Alguien habrá entrado aquí buscando aliens, como en mis entradas anteriores, pero no, hoy no vamos a hablar de extraterrestres, sino de otro tema muy interesante: los priones.

"Eh, eh, Raquel, que en el título pone 'canibalismo y locura'. ¡Traidora!"





Sí, lo sé, dejadme que me explique. Creo que muchos habremos oído el mito de que si comemos carne humana nos volveremos locos. Yo, al menos, lo he escuchado bastantes veces y siempre lo asociaba a esas tribus de la selva africana o amazónica que devoraban a los turistas que encontraban en medio de rituales de locura. Sin embargo, este año ya me han explicado los priones, origen de todo esto, con bastante profundidad en dos asignaturas y he pensado en escribirlo en el blog porque, seamos sinceros, una historia con caníbales siempre es mejor.
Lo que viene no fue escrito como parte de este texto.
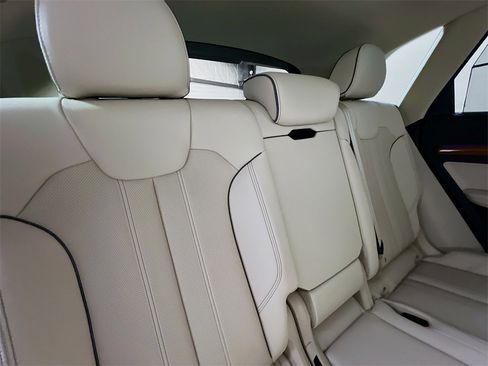 Used 2023 Audi Q5 2.0T Prestige w/ Prestige Package image 28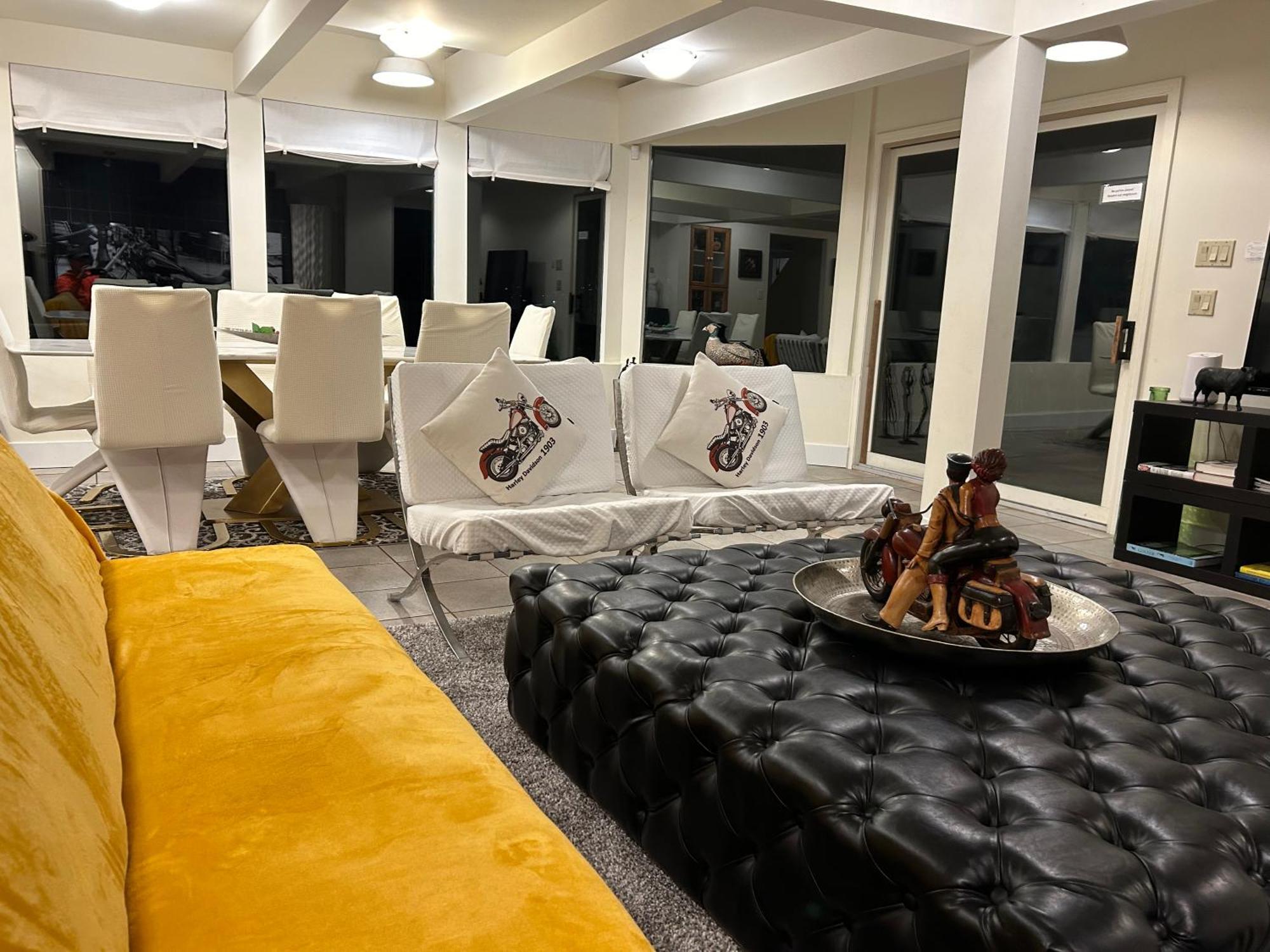 Seymour Private Bedroom, Ensuite Bathroom With Shared Pool, Hot Tub With Views 노스밴쿠버 외부 사진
Vamos a empezar por el principio, aprendiendo lo que son los priones, luego veremos cómo infectan, qué síntomas dan y qué tienen que ver con el canibalismo

¿Qué son los priones? 

Los priones son básicamente proteínas infecciosas. Esto quiere decir que cuando entran en el cuerpo de un animal pueden causar enfermedades, y estos animales, a su vez, pueden contagiar a otros.

No sé si alguien se habrá dado cuenta de un pequeño detalle: son proteínas, en principio no están vivos y ni siquiera llevan material genético. Si nos fijamos, todos los agentes que nos causan enfermedades infecciosas tienen ADN: bacterias, protozoos, hongos, virus, gusanos, etc. Entonces...


¿Cómo infectan?

En primer lugar, es importante decir que los priones afectan a las células del cerebro (de ahí lo de la locura). En la membrana de nuestras neuronas, todos tenemos una proteína llamada PrPc. Éste es un prión fisiológico, es decir, no patógeno y necesario para el funcionamiento correcto de la célula. La proteína que lo forma tiene una estructura de hélice, necesaria para poder realizar su función.

Sin embargo, el prión causante de la enfermedad, al que se le llama PrPsc, no tiene esa estructura en hélice, sino que de algún modo ha adquirido forma de lámina. Cuando uno de estos priones patógenos entra en contacto con uno de los fisiológicos es capaz de inducir una transformación de hélice a lámina, y así es como transmite la enfermedad. Los síntomas aparecen porque esta proteína que antes estaba en la membrana, al cambiar de forma ya no puede realizar su función. Entonces, se introduce dentro de la célula, formando agregados de láminas, hasta que la matan. La rotura de la célula causa que estas fibras en forma de lámina se expandan por el tejido cerebral, contagiando a otras células. Al final, lo que acaba pasando es que se crean agujeros en el cerebro, como si fuera una esponja, por eso se llama encefalopatía espongiforme.

prion
Esquema de cómo actúa PrPsc

La enfermedad de las vacas locas, o encefalopatía espongiforme bovina, no se produjo solo porque daban de comer a las vacas pienso fabricado con carne de vaca, sino porque éste estaba contaminado con priones. Como este pienso se distribuyó mucho, el brote de esta enfermedad fue muy grave.

Pero vamos a hablar ahora de la enfermedad en humanos, que es lo que nos interesa. Se han descrito diferentes tipos de enfermedades en humanos causadas por priones: síndrome de Creutzfeldt-Jakob, insomnio familiar fatal, encefalopatía espongiforme familiar y kuru, entre otras.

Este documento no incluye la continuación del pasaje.